- _Data_:
—————
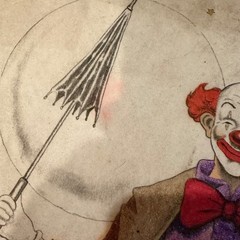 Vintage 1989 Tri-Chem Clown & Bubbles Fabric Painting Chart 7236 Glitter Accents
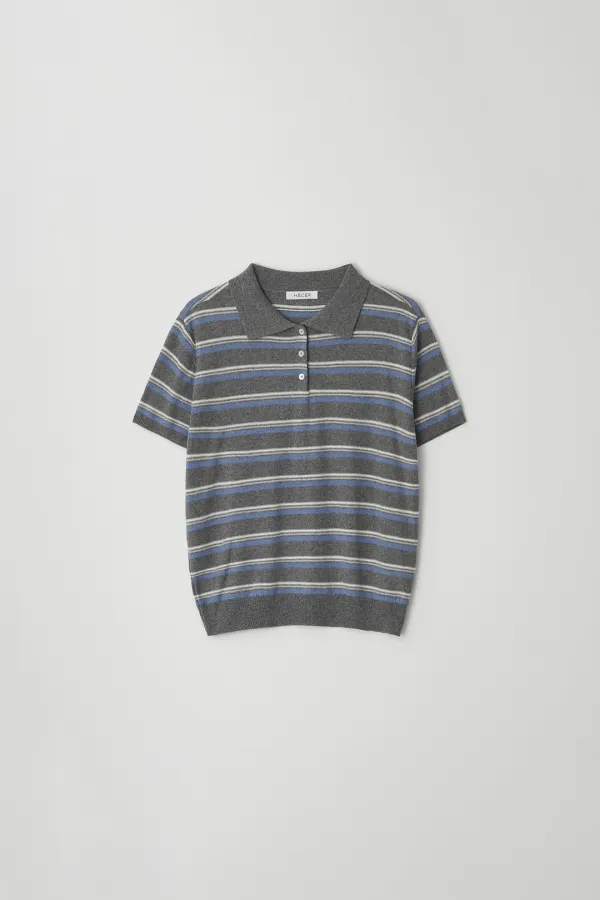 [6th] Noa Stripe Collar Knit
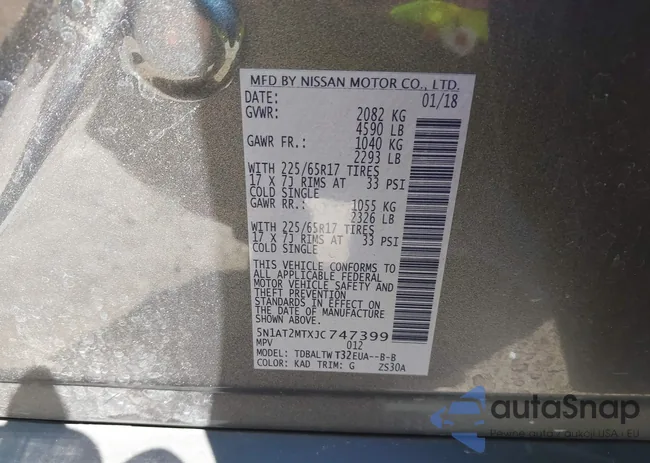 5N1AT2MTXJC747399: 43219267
—————
Reproduce every line of the material precisely, omitting its pictures.

 Vintage 1989 Tri-Chem Clown & Bubbles Fabric Painting Chart 7236 Glitter Accents
 [6th] Noa Stripe Collar Knit
 5N1AT2MTXJC747399: 43219267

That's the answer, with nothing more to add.